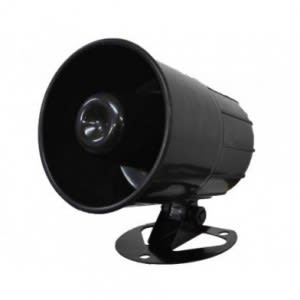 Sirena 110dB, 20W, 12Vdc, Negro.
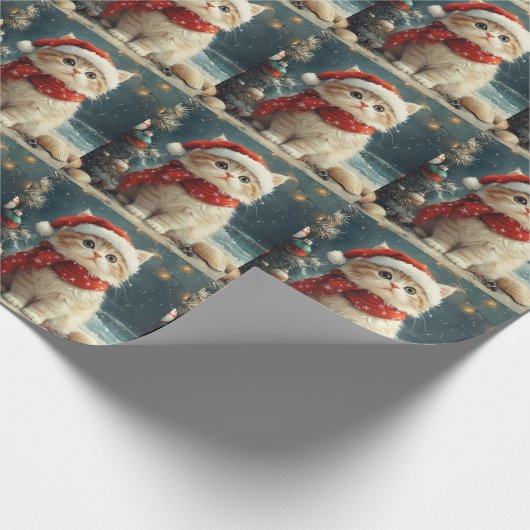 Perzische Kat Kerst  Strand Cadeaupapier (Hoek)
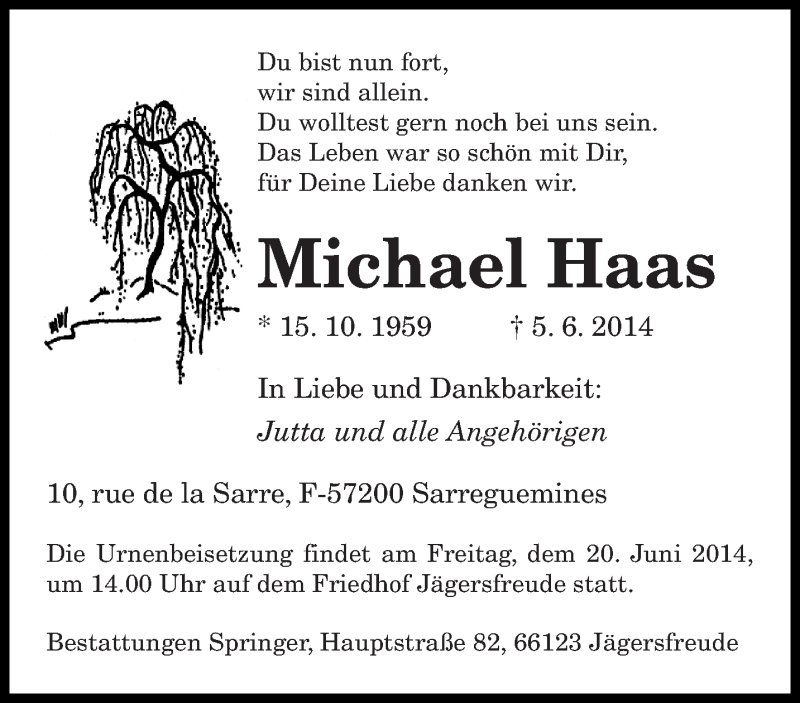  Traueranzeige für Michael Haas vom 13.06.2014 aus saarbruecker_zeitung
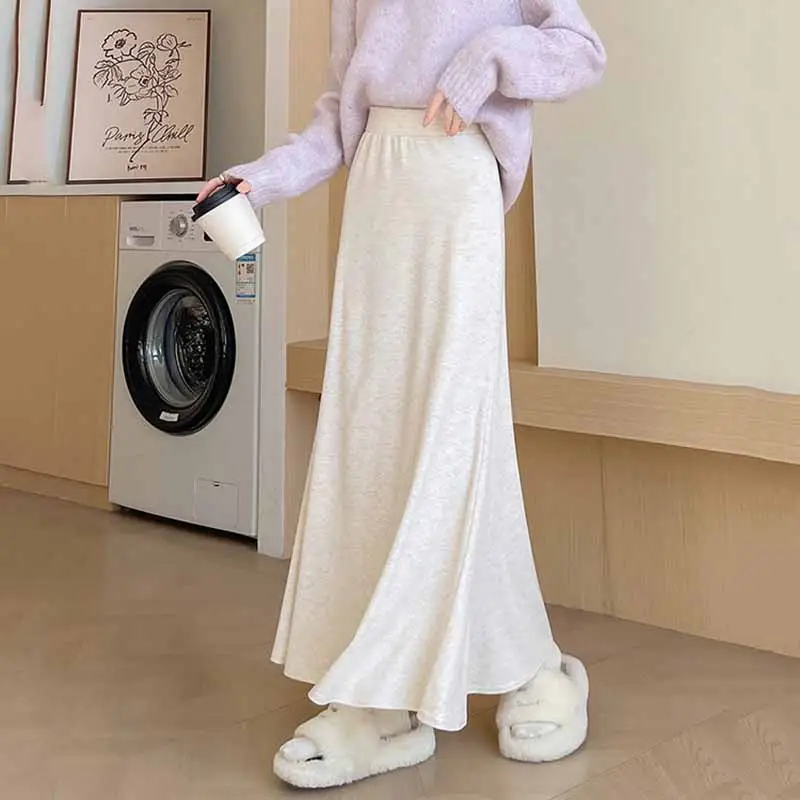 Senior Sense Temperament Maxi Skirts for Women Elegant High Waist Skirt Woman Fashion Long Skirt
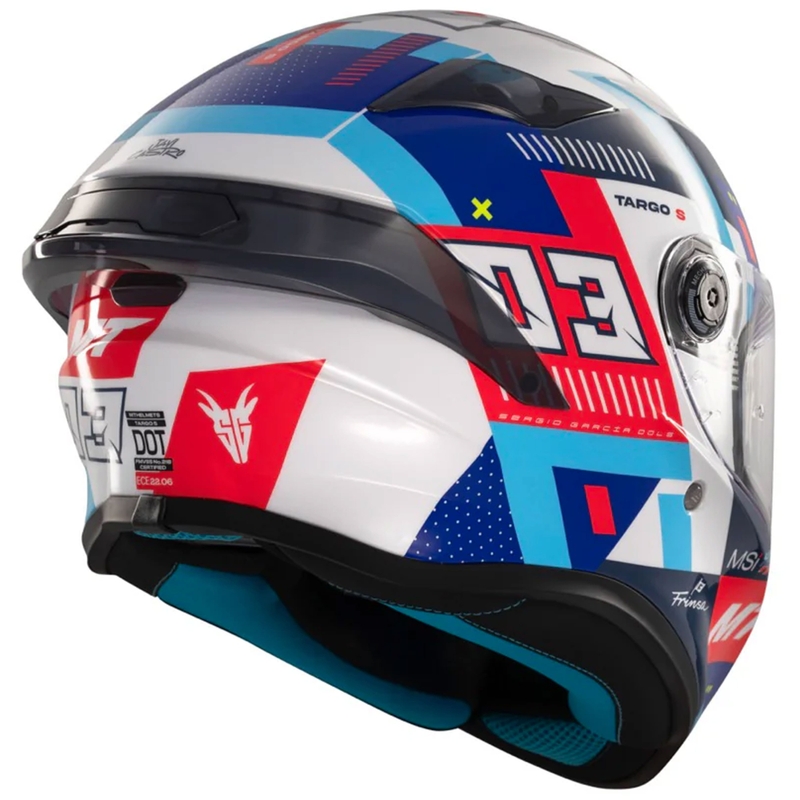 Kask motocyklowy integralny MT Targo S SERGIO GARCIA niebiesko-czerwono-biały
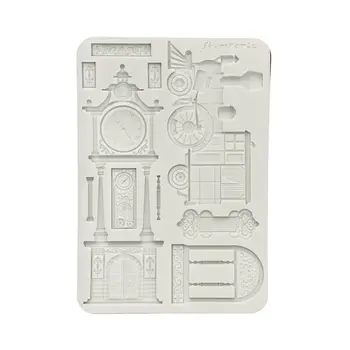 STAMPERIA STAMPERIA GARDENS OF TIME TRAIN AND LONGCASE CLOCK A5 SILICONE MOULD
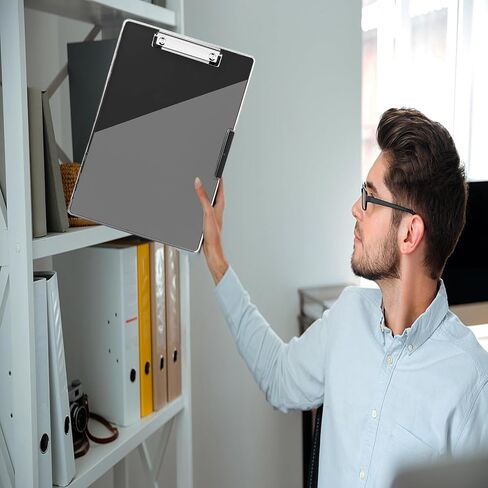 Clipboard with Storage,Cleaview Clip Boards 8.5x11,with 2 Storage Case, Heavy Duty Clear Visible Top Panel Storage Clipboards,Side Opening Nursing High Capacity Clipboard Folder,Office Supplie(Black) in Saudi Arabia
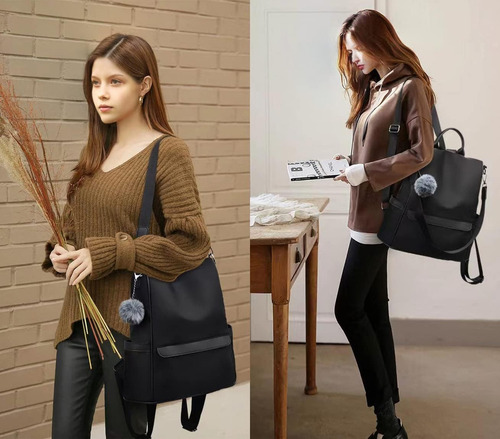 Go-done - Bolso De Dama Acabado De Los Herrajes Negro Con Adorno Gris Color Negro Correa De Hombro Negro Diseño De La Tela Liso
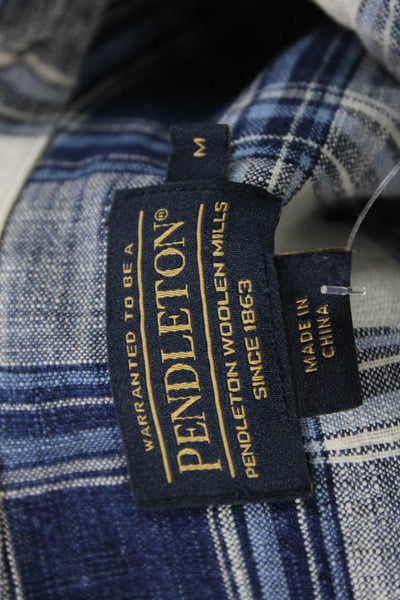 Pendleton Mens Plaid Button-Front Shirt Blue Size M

++++++++++++++++++++

(About this task): The answer should contain nothing but the lines from the top of the data above through the line containing "STAMPERIA STAMPERIA GARDENS", copied exactly, with no images.

(Solution to this task):
 Sirena 110dB, 20W, 12Vdc, Negro.
 Perzische Kat Kerst  Strand Cadeaupapier (Hoek)
  Traueranzeige für Michael Haas vom 13.06.2014 aus saarbruecker_zeitung
 Senior Sense Temperament Maxi Skirts for Women Elegant High Waist Skirt Woman Fashion Long Skirt
 Kask motocyklowy integralny MT Targo S SERGIO GARCIA niebiesko-czerwono-biały
 STAMPERIA STAMPERIA GARDENS OF TIME TRAIN AND LONGCASE CLOCK A5 SILICONE MOULD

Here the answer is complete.